Ladenburg Thalmann is acting as representative of the underwriters named below. Subject to the terms and conditions stated in the underwriting agreement dated December ____, 2020, each underwriter named below has agreed to purchase, and we have agreed to sell to that underwriter, the aggregate principal amount of Notes set forth opposite the underwriter’s name.

Underwriter Principal Amount of Notes 
Ladenburg Thalmann & Co. Inc. $8,000,000 

The underwriting agreement provides that the obligations of the underwriters to purchase the Notes included in this offering are subject to approval of legal matters by counsel and to other conditions. The underwriters are obligated to purchase all the Notes (other than those covered by the overallotment option described below) if they purchase any of the Notes.

The underwriters propose to offer some of the Notes directly to the public at the public offering price set forth on the cover page of this prospectus and some of the Notes to dealers at the public offering price less a concession not to exceed $_____, or _____% of the aggregate principal amount of the Notes. The underwriting discount of $______ per Note is equal to _____% of the aggregate principal amount of the Notes. If all of the Notes are not sold at the offering price, the representative may change the public offering price and other selling terms. Investors must pay for any Notes purchased on or before ______, 2020. The representative has advised us that the underwriters do not intend to confirm any sales to any accounts over which they exercise discretionary authority.

The underwriters hold an option, exercisable for 30 days from the date of this prospectus, to purchase up to an additional $1.2 million aggregate principal amount of the Notes at the public offering price less the underwriting discount. The underwriters may exercise the option solely for the purpose of covering overallotments, if any, in connection with this offering. To the extent such option is exercised, each underwriter must purchase a number of additional Notes approximately proportionate to that underwriter’s initial purchase commitment.
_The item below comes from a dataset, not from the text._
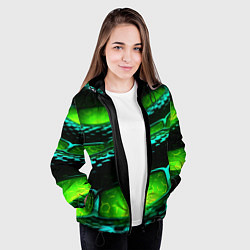Куртка с капюшоном женская Зеленая змеиная абстрактная текстура, цвет: 3D-черный — фото 2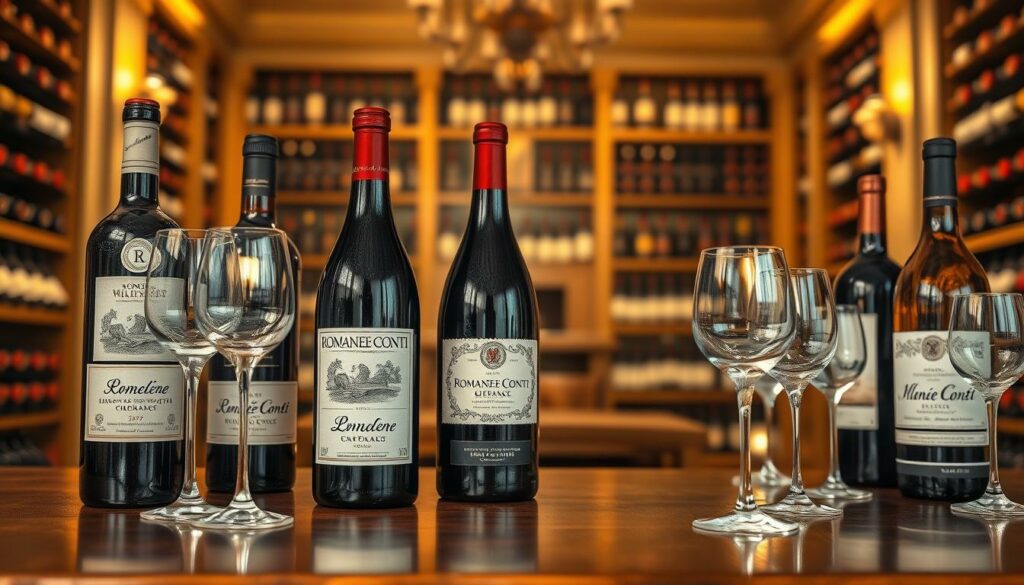 A sophisticated still life composition featuring the world's most expensive wine bottles, including Romanée-Conti and other rare vintages. In the foreground, showcase elegantly designed wine bottles with intricate labels, emphasizing their luxurious appeal. The middle layer presents a polished wooden table adorned with crystal wine glasses, with a soft light reflecting off their surfaces. In the background, a blurred opulent cellar filled with wine racks and faintly illuminated by warm, ambient lighting, creating an inviting atmosphere. Use black and white pencil sketch style for the overall composition, with selective color accents highlighting the wine bottles and glasses, conveying a rich, luxurious atmosphere. The image's focus should celebrate these record-setting wines, evoking a sense of exclusivity and sophistication. A sophisticated still life composition featuring the world's most expensive wine bottles, including Romanée-Conti and other rare vintages. In the foreground, showcase elegantly designed wine bottles with intricate labels, emphasizing their luxurious appeal. The middle layer presents a polished wooden table adorned with crystal wine glasses, with a soft light reflecting off their surfaces. In the background, a blurred opulent cellar filled with wine racks and faintly illuminated by warm, ambient lighting, creating an inviting atmosphere. Use black and white pencil sketch style for the overall composition, with selective color accents highlighting the wine bottles and glasses, conveying a rich, luxurious atmosphere. The image's focus should celebrate these record-setting wines, evoking a sense of exclusivity and sophistication.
We have agreed that, for a period of 60 days from the date of this prospectus, we will not, without the prior written consent of Ladenburg, on behalf of the underwriters, offer, pledge, sell, contract to sell or otherwise dispose of or agree to sell or otherwise dispose of, directly or indirectly or hedge any debt securities issued or guaranteed by us or any securities convertible into or exercisable or exchangeable for debt securities issued or guaranteed by us or file any registration statement under the Securities Act with respect to any of the foregoing. Ladenburg in its sole discretion may release any of the securities subject to these lock-up agreements at any time without notice. For purposes of clarity, nothing shall prevent the company from incurring bank indebtedness or trade liabilities in the ordinary course. In addition, our SeriesClass A PreferredCommon Stock or future series of substantively similar preferred stock would not be deemed debt securities for purposes of this restriction.
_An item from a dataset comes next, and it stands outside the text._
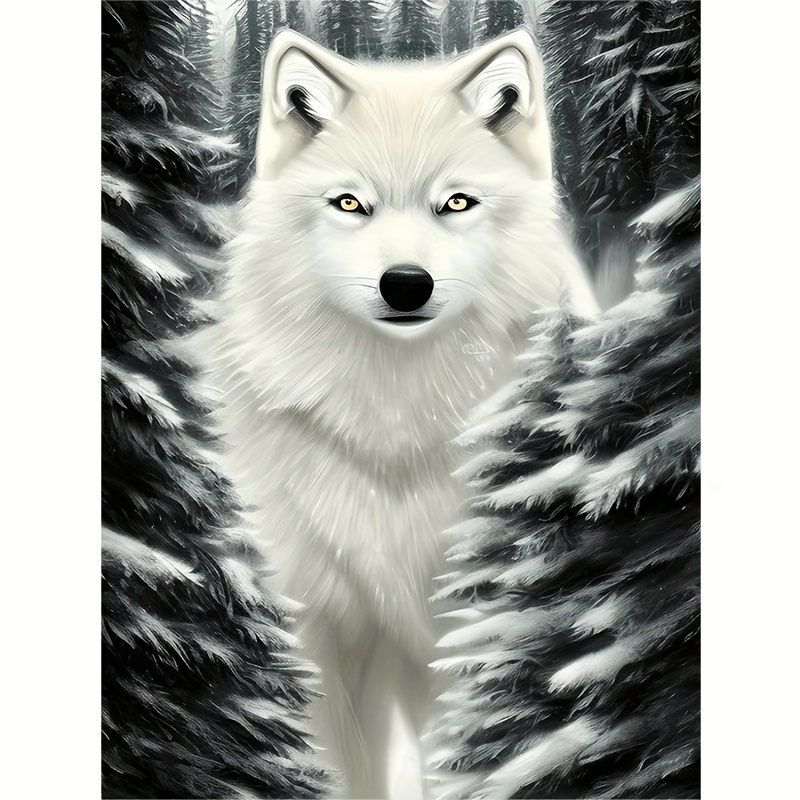 

Diy Round Diamond Painting With Full Diamond, Snow Wolf Diamond Cross-stitch Hanging Decoration, Suitable For Beginners And Handicraft Enthusiasts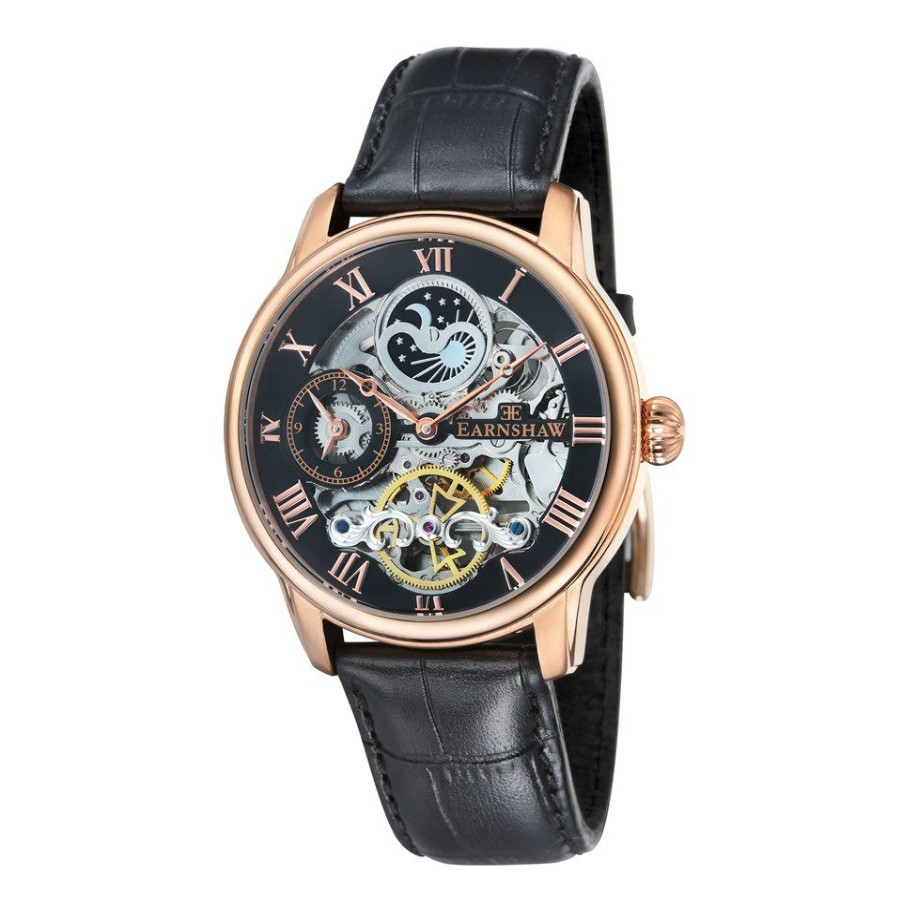 Hot * Thomas Earnshaw Es-8006-07 Rose Gold Plated Automatic Black Leather Strap Watch W3426 Limit Offer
The 60-day period in the preceding paragraph will be extended if  (i) during the last 17 days of the 60-day period we issue an earnings release or material news or a material event relating to us occurs or (ii) prior to the expiration of the 60-day period, we announce that we will release earnings results during the 16-day period beginning on the last day of the 60-day period, in which case the restrictions described in the preceding sentence will continue to apply until the expiration of the 18-day period beginning on the issuance of the earnings release or the announcement of the material news or the occurrence of the material event.
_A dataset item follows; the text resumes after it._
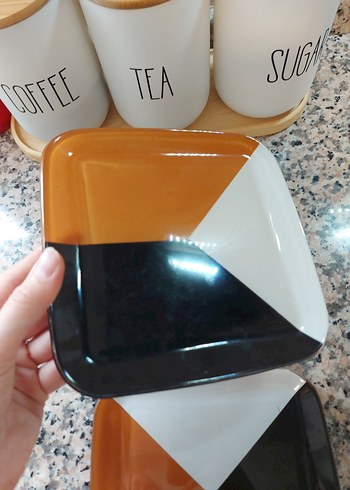 Turuncu Siyah Beyaz Kare Tatlı pasta tabağı - Görsel 6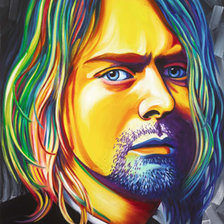 Схема вышивки «Портрет Курта Кобейна. По картине Стивена Шмана»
The July 2025 Notes are listed on the Nasdaq Global Market and have been trading under the symbol “CSSEN” since July 21, 2020 and we intend to list the Notes under the same trading symbol. The Notes are expected to trade “flat.” This means that purchasers will not pay, and sellers will not receive, any accrued and unpaid interest on the Notes that is not included in the trading price.

The following table shows the public offering price, the underwriting discounts and commissions to be paid to the underwriters and the proceeds, before expenses, to us in connection with this offering. These amounts are shown assuming both no exercise and full exercise of the underwriters’ option to purchase additional Notes.

  Per
Note
  Without
Option
  With
Option
 
Public offering price $  $8,000,000  $9,200,000 
Underwriting discount (sales load) paid by us(1) $  $400,000  $460,000 
Estimated Proceeds to us, before expenses $  $7,600,000  $8,740,000 


(1)The expenses associated with the offering, including the underwriting discount, are paid by us and are ultimately borne by our shareholders.

We have agreed to reimburse the underwriters for all reasonable out-of-pocket expenses incurredowned beneficially by them for travel, fees and disbursements of counsel and other consultants in connection with this offering and FINRA filings, up to a maximum of $__________.

We estimate expenses payable by us in connection with this offering, other than the underwriting discounts and commissions referred to above, will be approximately $115,504.

We and our investment adviser have each agreed to indemnify the underwriters against certain liabilities, including liabilities under the Securities Act of 1933, or to contribute to payments the underwriters may be required to make because of any of those liabilities.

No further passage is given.